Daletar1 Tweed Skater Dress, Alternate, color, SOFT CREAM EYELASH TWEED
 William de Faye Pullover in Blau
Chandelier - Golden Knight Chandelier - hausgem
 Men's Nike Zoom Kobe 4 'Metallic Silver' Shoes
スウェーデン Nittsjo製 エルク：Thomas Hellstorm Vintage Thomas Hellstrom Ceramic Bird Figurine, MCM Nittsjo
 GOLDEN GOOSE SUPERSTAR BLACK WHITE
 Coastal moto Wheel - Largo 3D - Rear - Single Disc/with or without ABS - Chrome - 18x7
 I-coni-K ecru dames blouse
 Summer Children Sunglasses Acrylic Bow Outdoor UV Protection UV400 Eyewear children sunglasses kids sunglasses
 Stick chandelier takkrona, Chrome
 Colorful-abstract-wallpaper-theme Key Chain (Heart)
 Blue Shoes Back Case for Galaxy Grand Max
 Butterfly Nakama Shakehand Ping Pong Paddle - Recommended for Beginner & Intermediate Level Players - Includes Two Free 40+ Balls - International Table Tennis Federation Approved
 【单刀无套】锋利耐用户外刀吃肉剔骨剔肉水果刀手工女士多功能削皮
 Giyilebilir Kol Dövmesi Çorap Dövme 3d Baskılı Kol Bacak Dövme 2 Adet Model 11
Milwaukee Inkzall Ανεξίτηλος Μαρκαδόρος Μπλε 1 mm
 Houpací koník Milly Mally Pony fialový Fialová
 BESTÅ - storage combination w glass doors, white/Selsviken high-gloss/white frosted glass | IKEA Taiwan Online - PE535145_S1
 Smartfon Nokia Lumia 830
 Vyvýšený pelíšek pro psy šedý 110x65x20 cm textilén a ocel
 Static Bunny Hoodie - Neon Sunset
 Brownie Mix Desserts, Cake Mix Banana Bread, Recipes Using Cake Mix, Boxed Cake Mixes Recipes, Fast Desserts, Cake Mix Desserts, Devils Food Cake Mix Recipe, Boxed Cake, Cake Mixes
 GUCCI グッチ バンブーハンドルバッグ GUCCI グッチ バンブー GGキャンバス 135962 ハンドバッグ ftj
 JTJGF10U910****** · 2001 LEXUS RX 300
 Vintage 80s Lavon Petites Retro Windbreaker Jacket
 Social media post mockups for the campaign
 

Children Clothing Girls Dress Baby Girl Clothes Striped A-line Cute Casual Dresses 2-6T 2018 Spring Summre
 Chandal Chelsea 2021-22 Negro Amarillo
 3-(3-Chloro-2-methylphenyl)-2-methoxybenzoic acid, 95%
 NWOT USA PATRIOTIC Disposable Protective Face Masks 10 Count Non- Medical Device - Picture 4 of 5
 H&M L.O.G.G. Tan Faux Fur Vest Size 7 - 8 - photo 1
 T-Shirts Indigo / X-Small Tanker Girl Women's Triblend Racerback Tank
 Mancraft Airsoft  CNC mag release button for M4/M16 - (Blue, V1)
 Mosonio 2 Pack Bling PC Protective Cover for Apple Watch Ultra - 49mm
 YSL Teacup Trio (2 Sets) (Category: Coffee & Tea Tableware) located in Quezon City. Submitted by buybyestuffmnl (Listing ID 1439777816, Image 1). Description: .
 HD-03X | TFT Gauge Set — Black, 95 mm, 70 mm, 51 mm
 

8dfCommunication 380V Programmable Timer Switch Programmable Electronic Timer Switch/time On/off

■ TASK DESCRIPTION ■
Look through the data above and report every line in which "Protective" appears.

■ TASK RESPONSE ■
 NWOT USA PATRIOTIC Disposable Protective Face Masks 10 Count Non- Medical Device - Picture 4 of 5
 Mosonio 2 Pack Bling PC Protective Cover for Apple Watch Ultra - 49mm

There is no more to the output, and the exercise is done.